:: Work instruction ::
Set down the data below from its first line to the line holding "Page n°1 - Manuel", inclusive; omit all pictures.

:: Input records ::
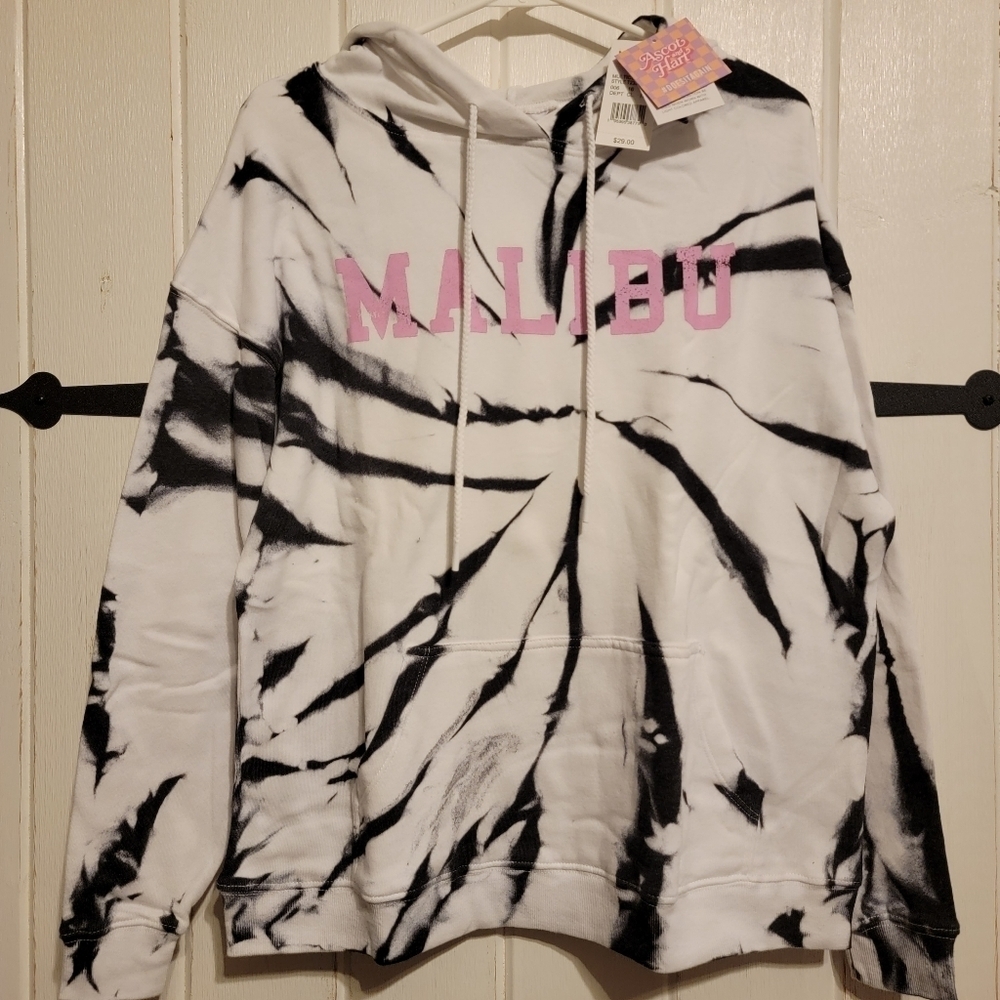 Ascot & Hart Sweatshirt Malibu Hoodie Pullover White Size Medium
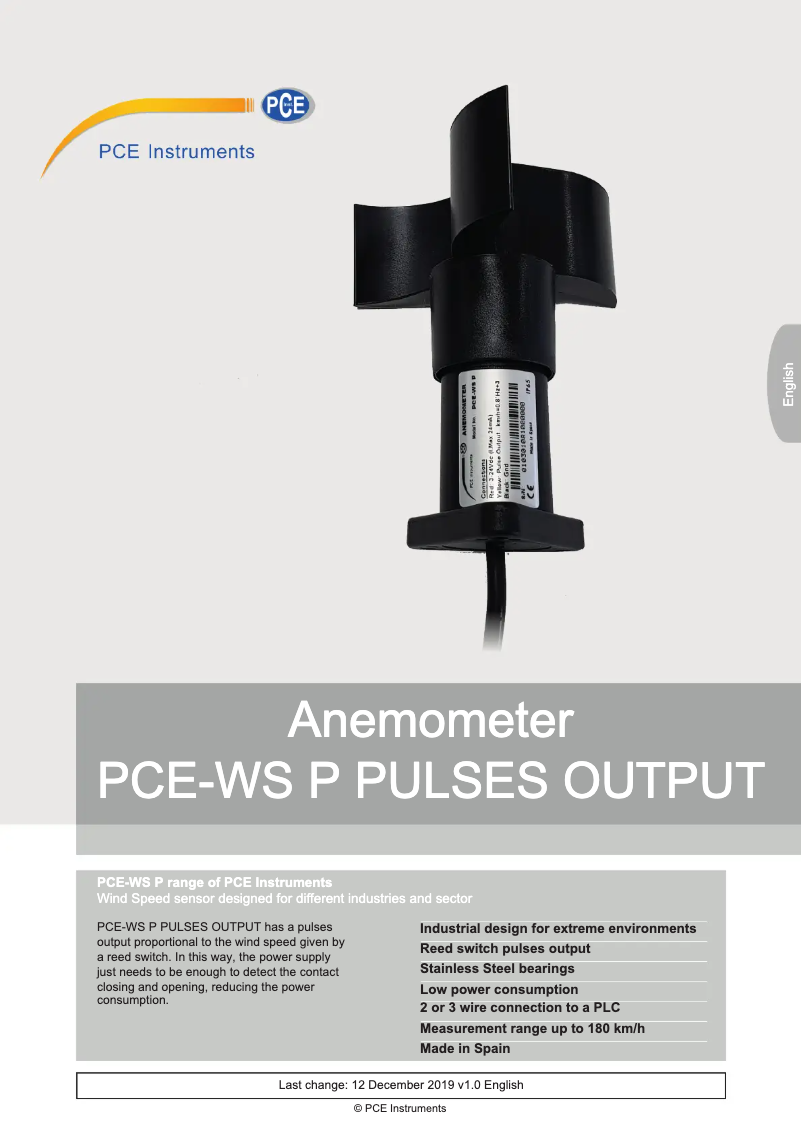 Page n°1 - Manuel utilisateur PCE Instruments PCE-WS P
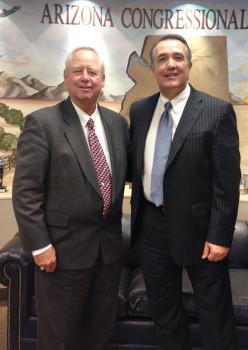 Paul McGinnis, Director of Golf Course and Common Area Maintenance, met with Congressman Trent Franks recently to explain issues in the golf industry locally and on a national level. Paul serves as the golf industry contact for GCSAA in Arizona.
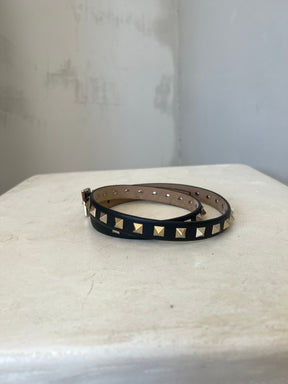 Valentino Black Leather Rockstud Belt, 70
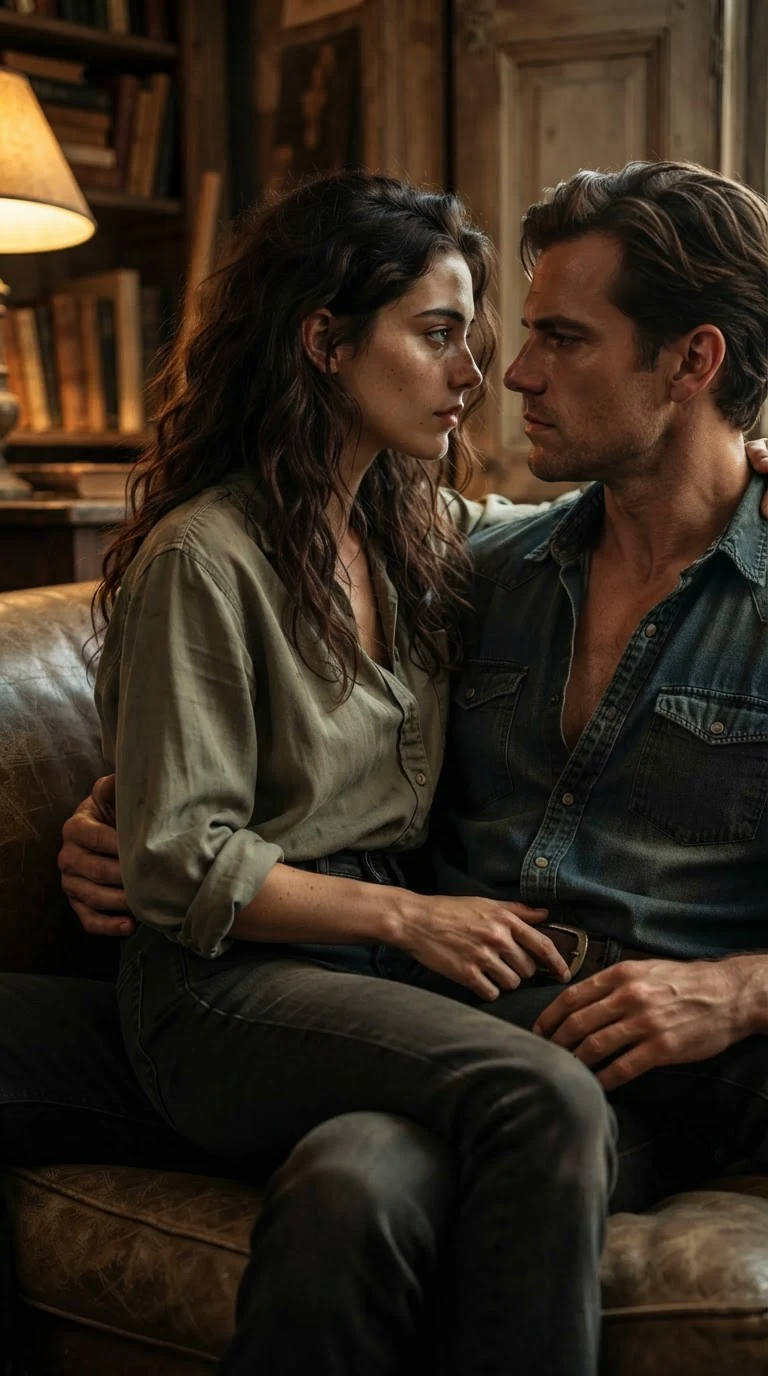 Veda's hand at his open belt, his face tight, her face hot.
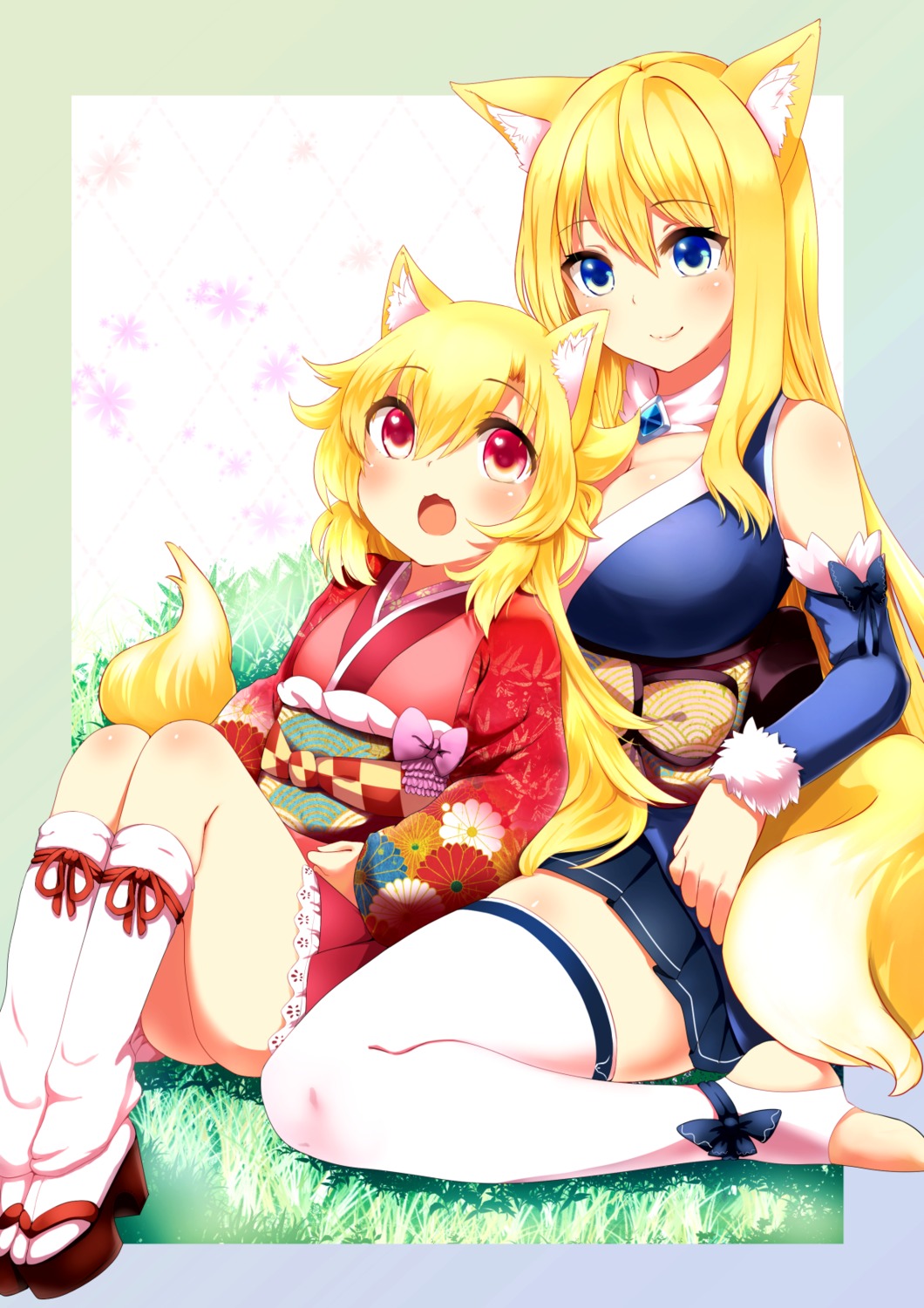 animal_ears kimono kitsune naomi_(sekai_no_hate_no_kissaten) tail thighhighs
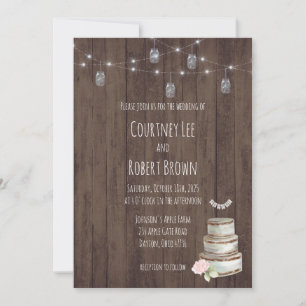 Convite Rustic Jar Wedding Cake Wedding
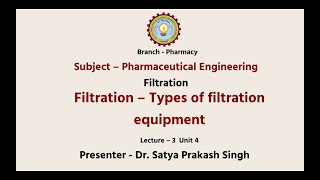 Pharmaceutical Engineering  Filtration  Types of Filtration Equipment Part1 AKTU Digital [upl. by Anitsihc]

:: Exercise response ::
 Ascot & Hart Sweatshirt Malibu Hoodie Pullover White Size Medium
 Page n°1 - Manuel utilisateur PCE Instruments PCE-WS P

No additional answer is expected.